Time travel feature

From Hive or Impala, you can run point in time queries for auditing and regulatory workflows on Iceberg tables. Time travel queries can be time-based or based on a snapshot ID.

Iceberg uses snapshots to access the complete set of data files in the table. A snapshot stores the state of a table. You can specify which snapshot you want to read and view the data at that timestamp. In Hive, you can expire snapshots and use projections, joins, and filters in time travel queries. In Impala, you can add expressions to the timestamps, as shown in the examples.

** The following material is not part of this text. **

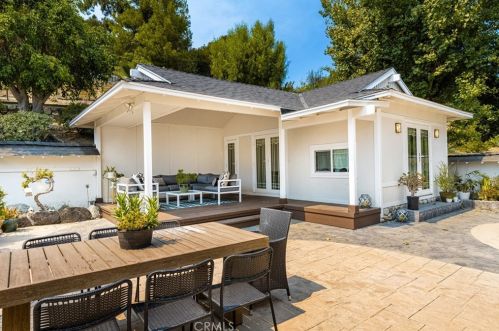 10228 Overhill Dr, Santa Ana CA  92705-1595 exterior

Snapshot storage is incremental and dependent on the frequency and scale of updates. By default, Hive and Impala use the latest snapshot. You can query an earlier snapshot of Iceberg tables to get historical information. Hive and Impala use the latest schema to query an earlier table snapshot even if it has a different schema.

Hive or Impala syntax

SELECT * FROM table_name FOR SYSTEM_TIME AS OF 'time_stamp'

SELECT * FROM table_name FOR SYSTEM_VERSION AS OF snapshot_id
  • time_stamp

    The state of the Iceberg table at the time specified by the UTC timestamp.

  • snapshot_id

    The ID of the Iceberg table snapshot from the history output.

Hive examples

SELECT * FROM t FOR SYSTEM_TIME AS OF '2021-08-09 10:35:57' LIMIT 100;

SELECT * FROM t FOR SYSTEM_VERSION AS OF 3088747670581784990 limit 100;

Impala examples

SELECT * FROM t FOR SYSTEM_TIME AS OF now() - interval 7 days;

SELECT * FROM customer_demo_iceberg FOR SYSTEM_TIME AS OF '2021-12-09 05:39:18.689000000' limit 100;

SELECT * FROM t FOR SYSTEM_VERSION AS OF 4319441858259506031 limit 5;